We started walking up the beach, continuing in the direction she had been travelling. [North] The sea was to our right and the blue forest to our left. As we walked it became obvious that what had first appeared to be an endless beach was somewhat of an illusion, the beach bent slightly to the East and then turned sharply West.

Walking along, we found ourselves walking close together. The lack of life sounds was unnerving and the simple presence of another human being was comforting. That’s what I kept telling myself anyway. As we walked our hands would brush against each other lightly, only for a second. I was acutely aware of each contact between us. After the third or fourth such contact, her fingers didn’t move away. Slowly, almost tentatively, her fingers interlaced with mine. Hand in hand we walked down the beach, following the sand as it made its sharp turn to the left.

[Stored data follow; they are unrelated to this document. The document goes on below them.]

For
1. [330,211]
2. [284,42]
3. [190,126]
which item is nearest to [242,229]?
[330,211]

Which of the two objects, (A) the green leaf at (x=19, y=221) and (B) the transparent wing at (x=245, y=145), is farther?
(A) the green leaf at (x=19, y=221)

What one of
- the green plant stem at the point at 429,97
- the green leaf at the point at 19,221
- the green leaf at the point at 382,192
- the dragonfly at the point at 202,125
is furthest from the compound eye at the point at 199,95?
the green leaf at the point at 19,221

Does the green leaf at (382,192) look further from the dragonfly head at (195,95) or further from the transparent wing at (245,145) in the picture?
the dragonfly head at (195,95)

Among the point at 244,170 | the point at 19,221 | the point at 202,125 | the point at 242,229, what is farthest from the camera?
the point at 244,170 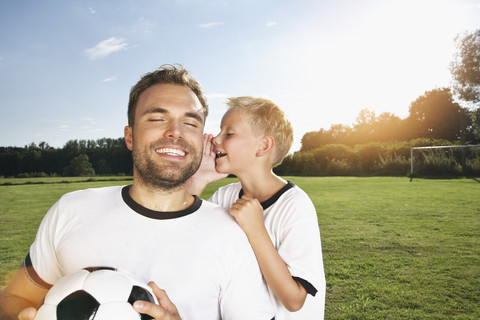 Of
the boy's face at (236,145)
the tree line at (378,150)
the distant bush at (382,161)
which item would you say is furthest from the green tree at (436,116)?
the boy's face at (236,145)

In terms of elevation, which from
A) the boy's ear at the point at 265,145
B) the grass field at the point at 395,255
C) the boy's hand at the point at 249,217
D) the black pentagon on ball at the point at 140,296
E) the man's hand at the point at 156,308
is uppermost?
the boy's ear at the point at 265,145

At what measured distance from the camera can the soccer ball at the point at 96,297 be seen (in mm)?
1262

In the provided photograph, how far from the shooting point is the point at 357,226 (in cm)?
796

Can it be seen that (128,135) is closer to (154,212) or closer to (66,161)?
(154,212)

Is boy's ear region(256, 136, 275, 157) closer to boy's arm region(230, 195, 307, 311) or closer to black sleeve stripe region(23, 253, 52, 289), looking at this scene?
boy's arm region(230, 195, 307, 311)

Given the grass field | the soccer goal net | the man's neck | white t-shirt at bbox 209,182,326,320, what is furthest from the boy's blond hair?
the soccer goal net

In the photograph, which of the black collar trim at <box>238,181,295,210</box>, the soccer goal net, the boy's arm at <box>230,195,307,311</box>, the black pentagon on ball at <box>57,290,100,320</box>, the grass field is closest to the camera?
the black pentagon on ball at <box>57,290,100,320</box>

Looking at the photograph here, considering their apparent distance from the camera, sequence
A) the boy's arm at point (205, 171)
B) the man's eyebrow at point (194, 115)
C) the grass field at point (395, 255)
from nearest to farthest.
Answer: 1. the man's eyebrow at point (194, 115)
2. the boy's arm at point (205, 171)
3. the grass field at point (395, 255)

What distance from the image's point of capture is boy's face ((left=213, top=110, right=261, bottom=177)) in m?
2.69

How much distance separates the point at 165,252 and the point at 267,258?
0.56 meters

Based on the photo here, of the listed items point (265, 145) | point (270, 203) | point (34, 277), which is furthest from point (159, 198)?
point (265, 145)

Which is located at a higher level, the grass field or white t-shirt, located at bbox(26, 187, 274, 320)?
white t-shirt, located at bbox(26, 187, 274, 320)

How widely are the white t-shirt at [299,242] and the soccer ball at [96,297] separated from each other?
934 mm

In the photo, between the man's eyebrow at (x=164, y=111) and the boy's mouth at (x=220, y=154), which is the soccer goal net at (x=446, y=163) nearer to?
the boy's mouth at (x=220, y=154) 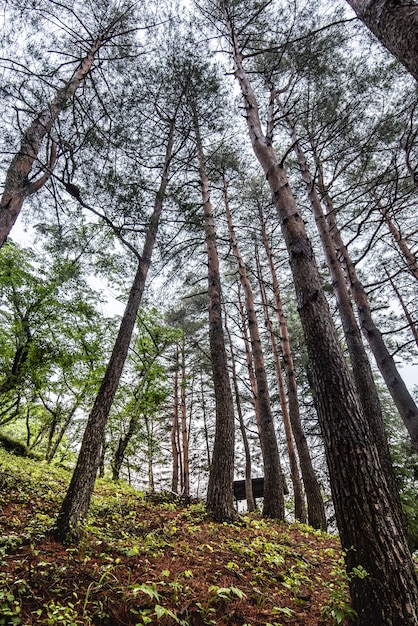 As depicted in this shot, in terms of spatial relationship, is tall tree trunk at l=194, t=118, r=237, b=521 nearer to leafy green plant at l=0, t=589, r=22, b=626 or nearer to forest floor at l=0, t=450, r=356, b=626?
forest floor at l=0, t=450, r=356, b=626

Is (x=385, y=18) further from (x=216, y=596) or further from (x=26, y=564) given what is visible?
(x=26, y=564)

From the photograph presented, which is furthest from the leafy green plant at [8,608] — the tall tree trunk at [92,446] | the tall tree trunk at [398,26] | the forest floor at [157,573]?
the tall tree trunk at [398,26]

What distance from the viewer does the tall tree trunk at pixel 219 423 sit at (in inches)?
195

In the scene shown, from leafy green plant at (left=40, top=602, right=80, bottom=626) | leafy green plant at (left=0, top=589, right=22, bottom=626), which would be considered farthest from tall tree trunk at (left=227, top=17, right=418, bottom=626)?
leafy green plant at (left=0, top=589, right=22, bottom=626)

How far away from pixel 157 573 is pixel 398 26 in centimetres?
504

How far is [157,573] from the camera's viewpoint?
274 centimetres

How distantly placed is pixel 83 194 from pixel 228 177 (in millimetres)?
6110

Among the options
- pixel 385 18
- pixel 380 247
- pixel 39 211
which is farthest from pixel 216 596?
pixel 380 247

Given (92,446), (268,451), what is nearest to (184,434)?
(268,451)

Coming around the corner, we both stopped. A few hundred meters ahead of us was a large object throwing bright reflections at us. [Metal] It lay in the sand, tilted on its side since part of the end closest to us rested on an outcropping of rock. The part of the object that touched the rock was bent and obviously damaged. We stood there for several moments, both afraid to speak. Moya’s hand tightened in mine.

The object was about three meters wide and three meters tall, making a square end but with slightly rounded corners; its length was hard to tell at that angle, but appeared to be at least ten meters long. The end facing towards us, actually facing slightly to our left, was open, the edges closest to the rock bent and crumpled as if dropped from a great height. It looked as if the front wall had collapsed onto the sand. Within the object we could see smaller objects against both inside walls with an opening between them. Within the opening there was movement.

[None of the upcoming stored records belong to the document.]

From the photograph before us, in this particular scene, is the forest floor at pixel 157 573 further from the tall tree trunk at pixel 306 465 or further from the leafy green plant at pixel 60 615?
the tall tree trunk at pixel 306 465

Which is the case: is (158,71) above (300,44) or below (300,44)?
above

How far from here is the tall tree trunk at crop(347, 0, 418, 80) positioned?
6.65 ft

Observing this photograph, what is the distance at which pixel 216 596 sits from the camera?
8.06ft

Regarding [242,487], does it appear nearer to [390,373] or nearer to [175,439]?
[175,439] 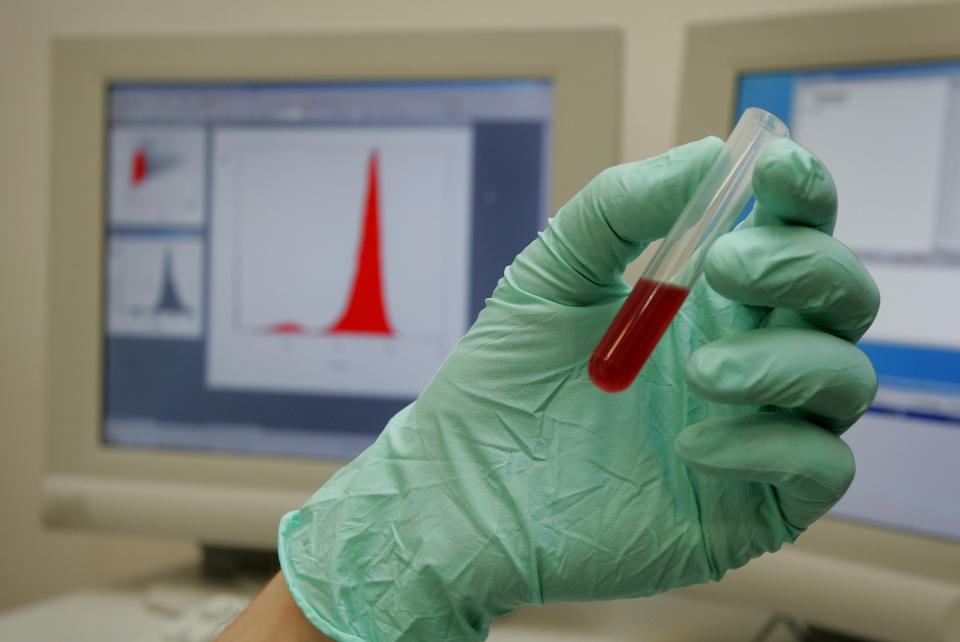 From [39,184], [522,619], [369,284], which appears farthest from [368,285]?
[39,184]

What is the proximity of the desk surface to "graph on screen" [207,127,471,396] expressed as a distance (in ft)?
0.77

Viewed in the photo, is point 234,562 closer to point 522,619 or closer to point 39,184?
point 522,619

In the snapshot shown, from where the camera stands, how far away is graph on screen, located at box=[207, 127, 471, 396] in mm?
814

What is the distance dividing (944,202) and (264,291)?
61cm

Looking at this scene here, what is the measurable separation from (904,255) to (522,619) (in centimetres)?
48

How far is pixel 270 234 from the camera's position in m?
0.84

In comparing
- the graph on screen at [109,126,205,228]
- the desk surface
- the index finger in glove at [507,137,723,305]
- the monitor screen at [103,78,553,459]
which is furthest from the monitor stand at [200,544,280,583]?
the index finger in glove at [507,137,723,305]

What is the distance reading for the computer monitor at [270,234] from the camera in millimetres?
802

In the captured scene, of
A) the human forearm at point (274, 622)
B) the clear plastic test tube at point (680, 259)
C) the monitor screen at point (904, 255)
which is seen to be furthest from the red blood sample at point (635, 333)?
the monitor screen at point (904, 255)

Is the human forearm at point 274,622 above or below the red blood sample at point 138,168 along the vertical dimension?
below

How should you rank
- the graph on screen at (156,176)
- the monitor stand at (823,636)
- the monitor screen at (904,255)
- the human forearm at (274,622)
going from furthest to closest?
the graph on screen at (156,176), the monitor stand at (823,636), the monitor screen at (904,255), the human forearm at (274,622)

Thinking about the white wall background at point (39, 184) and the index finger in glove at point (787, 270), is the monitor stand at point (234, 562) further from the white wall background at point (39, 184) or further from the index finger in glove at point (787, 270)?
the index finger in glove at point (787, 270)

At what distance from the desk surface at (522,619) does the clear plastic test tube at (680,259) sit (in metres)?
0.47

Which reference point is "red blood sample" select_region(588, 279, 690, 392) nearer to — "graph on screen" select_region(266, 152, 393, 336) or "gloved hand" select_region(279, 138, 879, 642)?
"gloved hand" select_region(279, 138, 879, 642)
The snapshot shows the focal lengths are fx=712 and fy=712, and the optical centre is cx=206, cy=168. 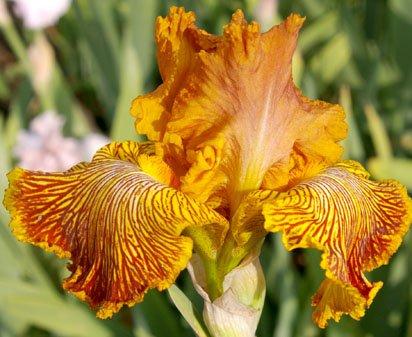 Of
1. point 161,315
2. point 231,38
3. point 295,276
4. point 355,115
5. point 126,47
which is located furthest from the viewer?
point 355,115

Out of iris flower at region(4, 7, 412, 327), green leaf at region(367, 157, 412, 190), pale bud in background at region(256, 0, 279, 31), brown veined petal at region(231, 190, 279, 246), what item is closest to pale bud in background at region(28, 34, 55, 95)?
pale bud in background at region(256, 0, 279, 31)

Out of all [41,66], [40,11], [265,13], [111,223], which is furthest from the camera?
[40,11]

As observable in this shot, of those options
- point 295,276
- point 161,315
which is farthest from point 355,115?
point 161,315

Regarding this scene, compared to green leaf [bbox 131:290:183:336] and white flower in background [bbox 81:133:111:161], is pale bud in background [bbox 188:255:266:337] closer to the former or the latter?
green leaf [bbox 131:290:183:336]

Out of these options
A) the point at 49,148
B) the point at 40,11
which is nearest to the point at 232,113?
the point at 49,148

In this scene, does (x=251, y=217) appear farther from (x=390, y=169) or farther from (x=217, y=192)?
(x=390, y=169)

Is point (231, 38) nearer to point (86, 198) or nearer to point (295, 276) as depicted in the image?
point (86, 198)

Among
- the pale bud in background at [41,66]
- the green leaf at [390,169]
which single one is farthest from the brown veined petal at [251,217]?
the pale bud in background at [41,66] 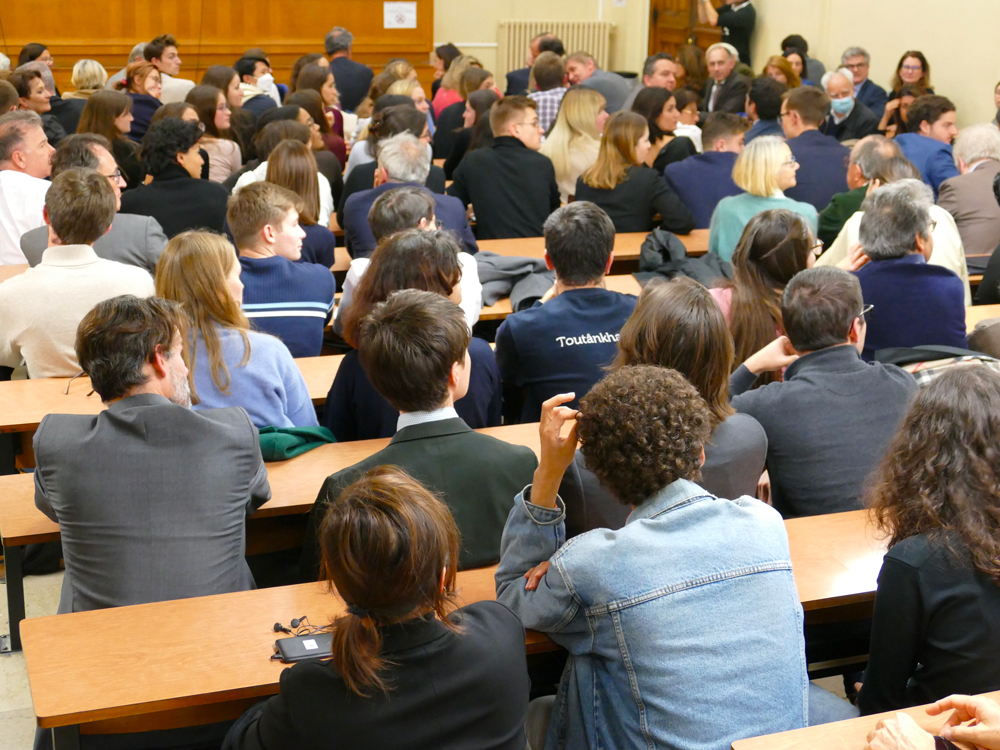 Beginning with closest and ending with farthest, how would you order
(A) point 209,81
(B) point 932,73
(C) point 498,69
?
(A) point 209,81, (B) point 932,73, (C) point 498,69

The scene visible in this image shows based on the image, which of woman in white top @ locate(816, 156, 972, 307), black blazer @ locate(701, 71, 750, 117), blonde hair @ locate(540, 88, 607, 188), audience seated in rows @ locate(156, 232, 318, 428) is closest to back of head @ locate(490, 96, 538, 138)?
blonde hair @ locate(540, 88, 607, 188)

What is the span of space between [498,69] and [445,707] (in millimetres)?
11452

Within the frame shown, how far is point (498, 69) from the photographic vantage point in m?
12.2

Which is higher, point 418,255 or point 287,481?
point 418,255

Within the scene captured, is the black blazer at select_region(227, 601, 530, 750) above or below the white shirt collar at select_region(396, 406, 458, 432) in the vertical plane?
below

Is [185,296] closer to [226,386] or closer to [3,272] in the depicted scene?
[226,386]

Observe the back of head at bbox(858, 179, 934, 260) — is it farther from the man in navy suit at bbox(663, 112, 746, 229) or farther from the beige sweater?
the beige sweater

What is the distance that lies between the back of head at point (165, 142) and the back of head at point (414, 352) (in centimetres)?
304

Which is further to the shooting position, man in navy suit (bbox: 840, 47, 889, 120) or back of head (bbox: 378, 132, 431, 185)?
man in navy suit (bbox: 840, 47, 889, 120)

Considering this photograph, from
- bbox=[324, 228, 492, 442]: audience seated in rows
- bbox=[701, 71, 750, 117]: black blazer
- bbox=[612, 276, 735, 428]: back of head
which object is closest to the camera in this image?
bbox=[612, 276, 735, 428]: back of head

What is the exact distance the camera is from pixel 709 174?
18.0 ft

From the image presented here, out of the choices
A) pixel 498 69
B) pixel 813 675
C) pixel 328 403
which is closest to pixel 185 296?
pixel 328 403

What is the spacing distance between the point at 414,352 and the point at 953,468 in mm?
1079

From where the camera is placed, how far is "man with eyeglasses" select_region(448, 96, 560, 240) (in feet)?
18.3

As we watched, still trying to figure out what was going on and what we should do, one of the smaller objects on the right side of the container; there was no other word for it, it was a container of some kind; slid down and fell into the shadowed part of the container. As it landed, we heard a scream. A high-pitched scream, a woman’s scream.

Without waiting for Moya, I let go of her hand and sprinted down the beach toward the container. As I got closer, the screaming did not stop, if anything it got louder and more hysterical.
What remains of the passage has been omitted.